> _WHAT TO WORK ON_
Records follow. Print exactly the lines from the one that has "Arrestato a Novi con 300 grammi di marijuana" through the one that has "الصورة المصغرة: Dental", inclusive, and omit the pictures.

> _DATA EXTRACT_
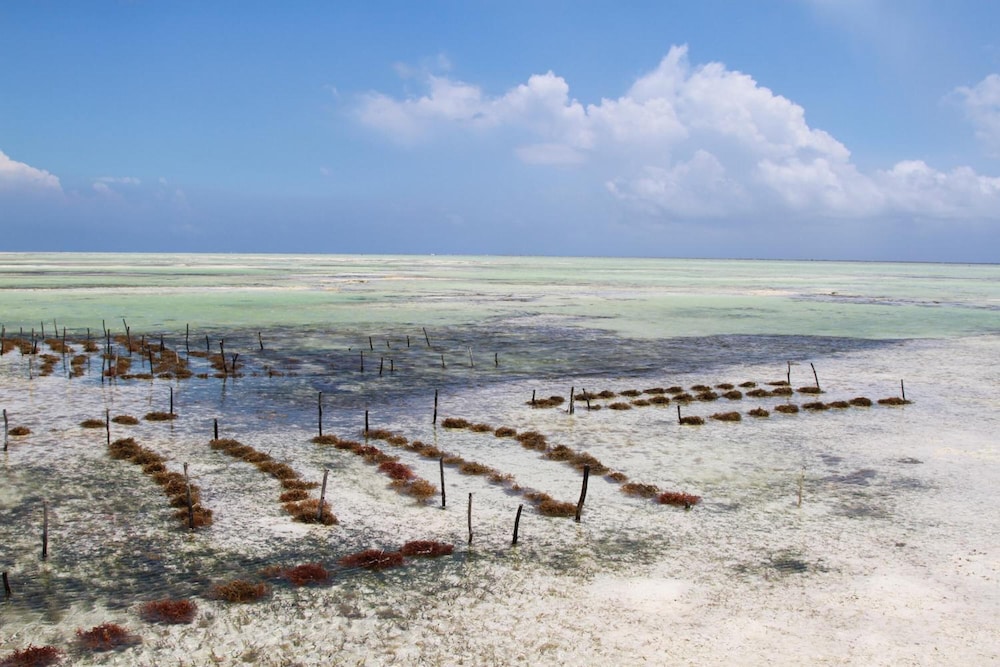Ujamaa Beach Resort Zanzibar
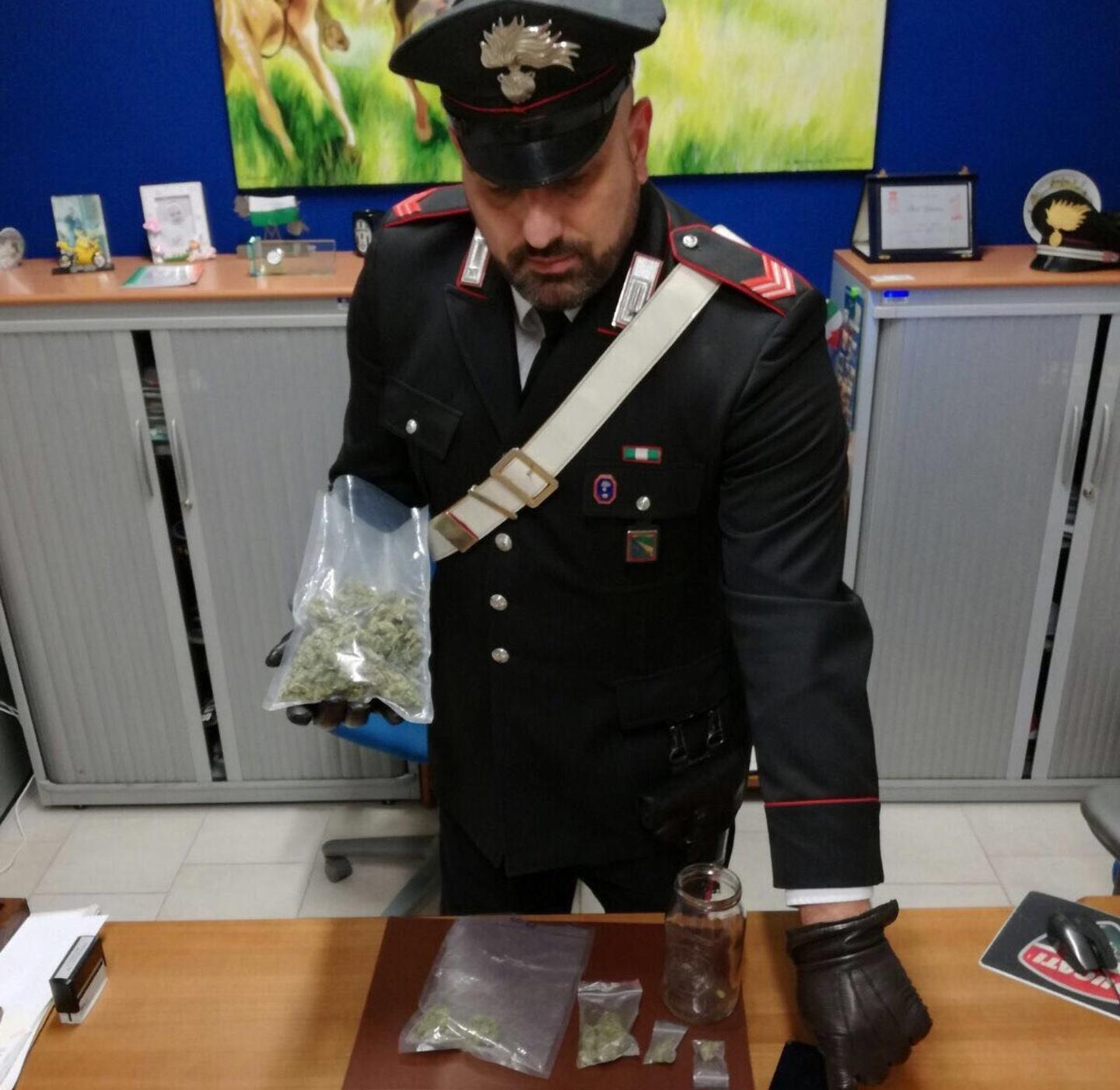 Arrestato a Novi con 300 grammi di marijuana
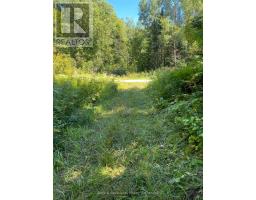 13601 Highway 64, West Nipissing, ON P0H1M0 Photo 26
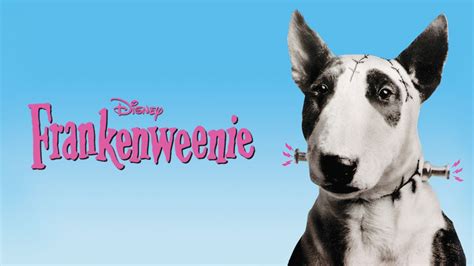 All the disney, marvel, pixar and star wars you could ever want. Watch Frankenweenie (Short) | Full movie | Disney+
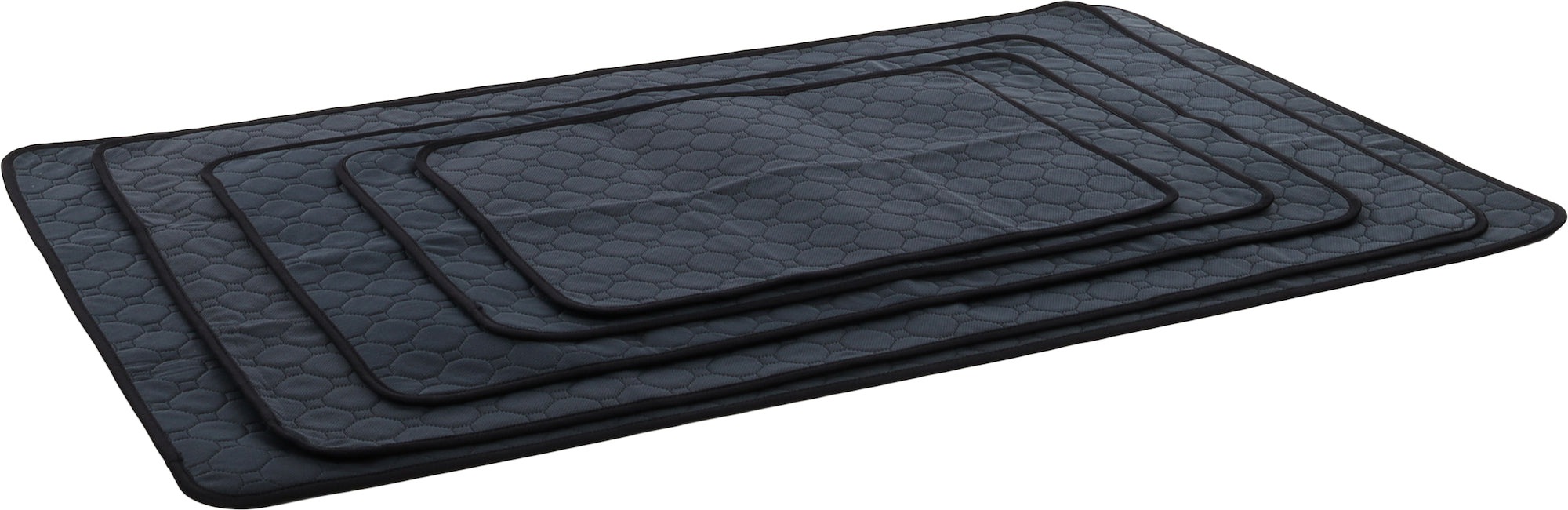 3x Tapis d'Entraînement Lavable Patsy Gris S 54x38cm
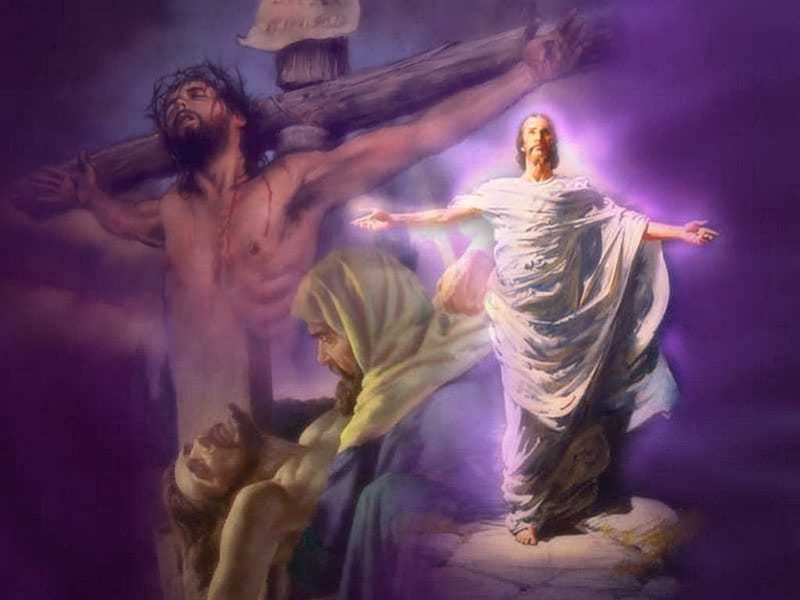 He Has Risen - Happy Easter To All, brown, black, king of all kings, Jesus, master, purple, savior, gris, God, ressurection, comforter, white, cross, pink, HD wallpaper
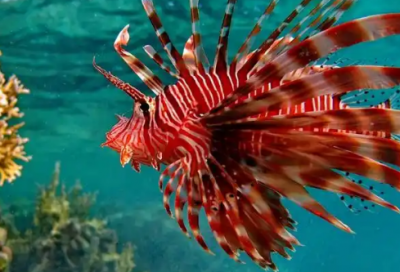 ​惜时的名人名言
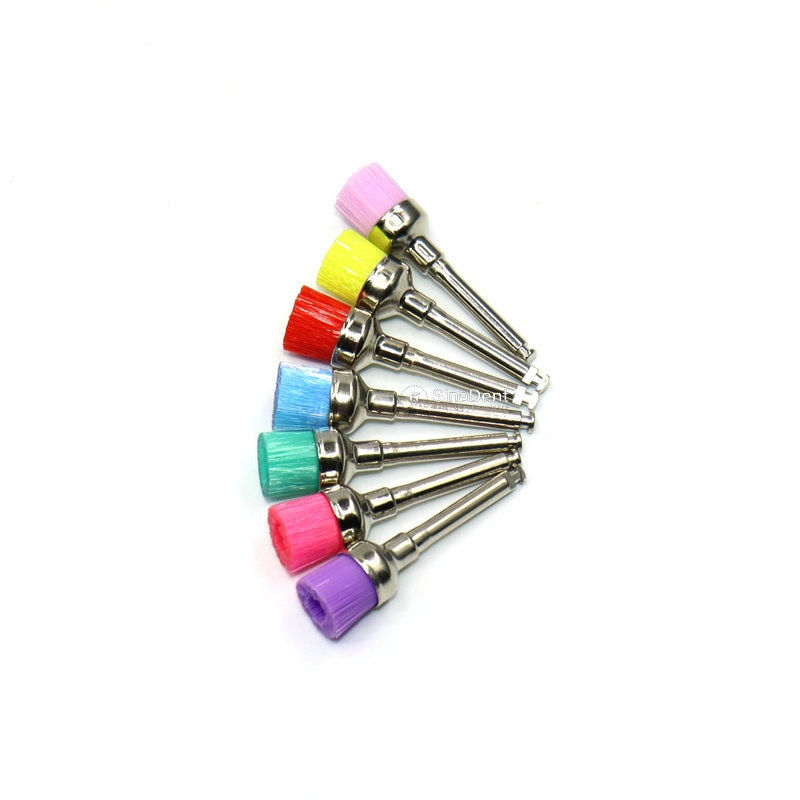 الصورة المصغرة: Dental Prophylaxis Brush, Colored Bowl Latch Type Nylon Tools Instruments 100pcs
...
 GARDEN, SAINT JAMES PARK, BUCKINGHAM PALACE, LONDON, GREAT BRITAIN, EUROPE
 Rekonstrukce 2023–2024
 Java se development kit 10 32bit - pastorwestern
--
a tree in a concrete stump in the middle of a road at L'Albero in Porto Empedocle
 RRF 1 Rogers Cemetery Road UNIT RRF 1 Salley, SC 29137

> _EXERCISE OUTPUT_
 Arrestato a Novi con 300 grammi di marijuana
 13601 Highway 64, West Nipissing, ON P0H1M0 Photo 26
 All the disney, marvel, pixar and star wars you could ever want. Watch Frankenweenie (Short) | Full movie | Disney+
 3x Tapis d'Entraînement Lavable Patsy Gris S 54x38cm
 He Has Risen - Happy Easter To All, brown, black, king of all kings, Jesus, master, purple, savior, gris, God, ressurection, comforter, white, cross, pink, HD wallpaper
 ​惜时的名人名言
 الصورة المصغرة: Dental Prophylaxis Brush, Colored Bowl Latch Type Nylon Tools Instruments 100pcs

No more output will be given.